Work Song is entertaining for its rich historical take on the town of Butte, then in its mining heyday, and for its evocative descriptions of the Anaconda Company’s copper mines. Their warren of shafts and tunnels spews forth thousands of miners, who create a human army as they leave at the end of the day’s shift. It’s a dramatic backdrop to the burgeoning labor disputes brewing between the beleaguered miners and Anaconda’s tycoons, who are sitting pretty in the town’s grand Hennessy Building.

Within this sprawling canvas, the engaging yet elusive Morrie seems a bit of a contradiction, with his charming and mild-seeming exterior and a mind crammed full of literary and historical tidbits of knowledge, while another side of his character resides in his pockets—a handy pair of brass knuckles. Morrie’s boarding house companions, attractive landlady Grace and two retired miners, Griff and Hoop, lead Morrie ever deeper into the explosive labor conflict, as it bubbles under the surface waiting to erupt. Question: Will the villains be conquered by—a song?

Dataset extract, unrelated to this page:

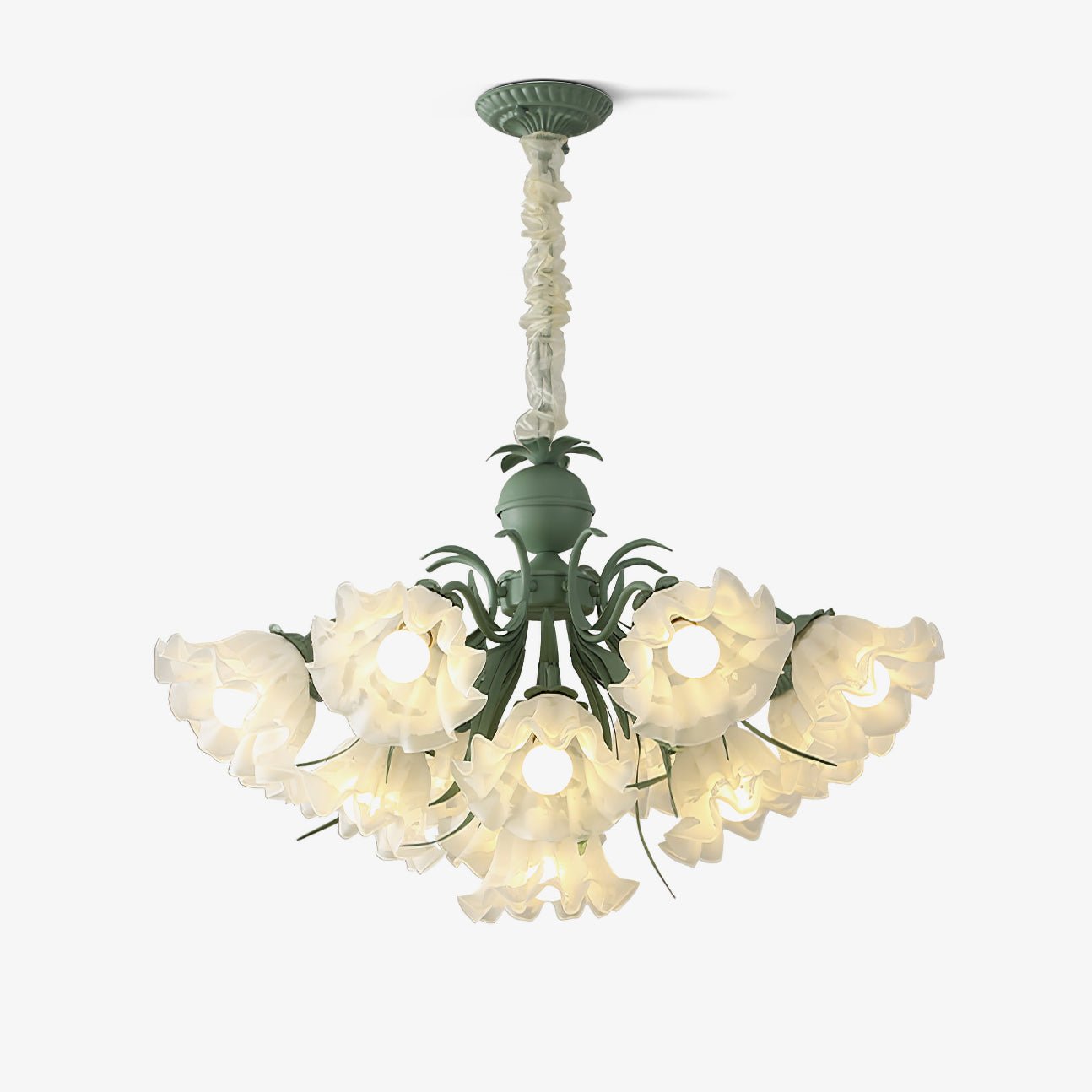 Evren Chandelier Flower with Petals and Leaves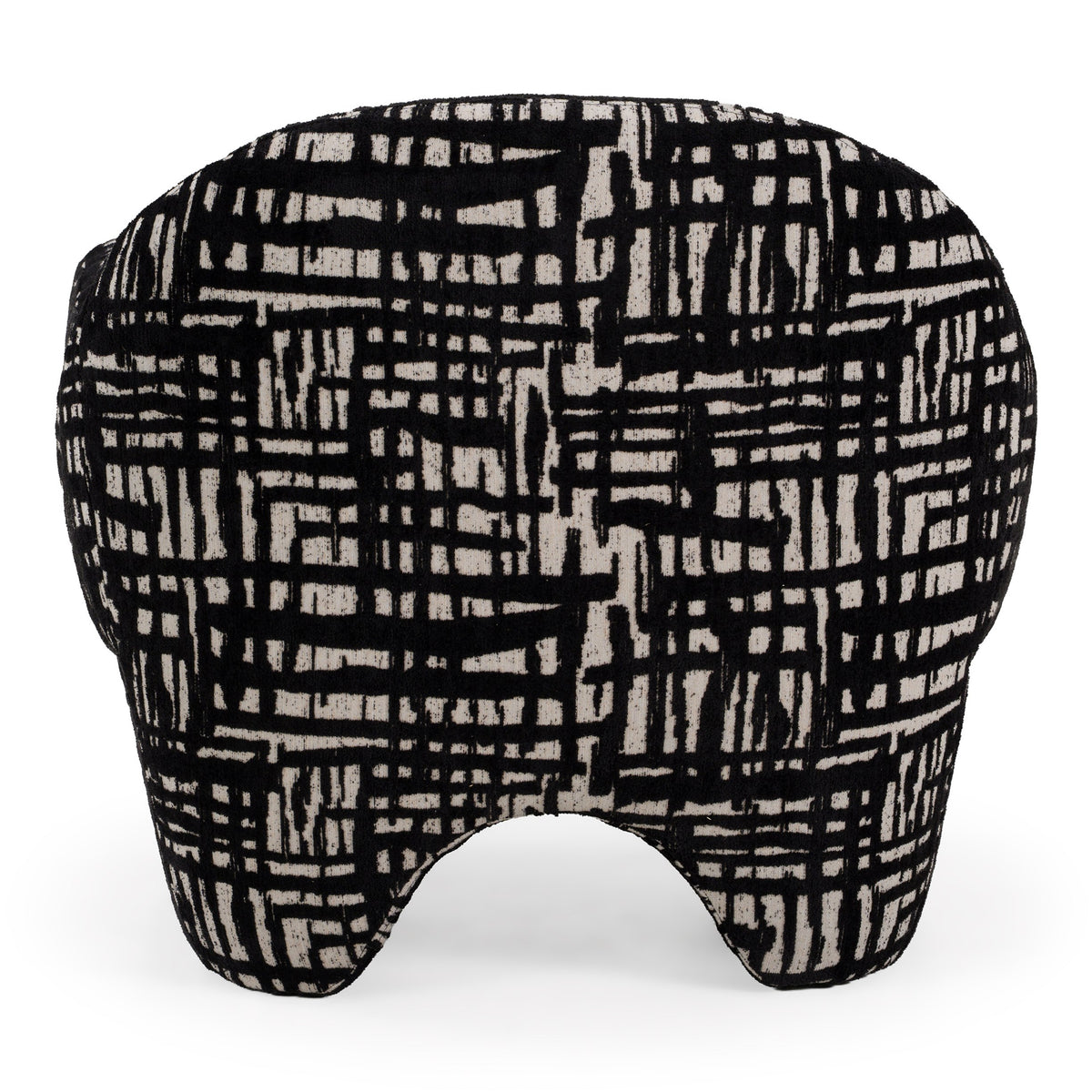Hurd Modern Black + Beige Pattern Fabric Accent Chair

Morrie craftily matches wits with two hilarious company goons, Eel Eyes and Typhoon Tolliver. There’s also a fleet-footed urchin straight out of Dickens, so skinny he’s given the name Russian Famine. And, looming large, the mysterious librarian Sam Sandison, who hires Morrie to work amidst his stunning gold and leather book collection. Add a stoic and wily labor organizer and his sparkly fiancĂ©, an old friend to Morrie, and the book comes to life in Doig’s engaging and magical prose.

Rather than blowing you off the page, Doig’s writing has a settling effect; as in, you settle comfortably into your chair, confident you’ll be enjoying every bit of his breathtaking storytelling prowess.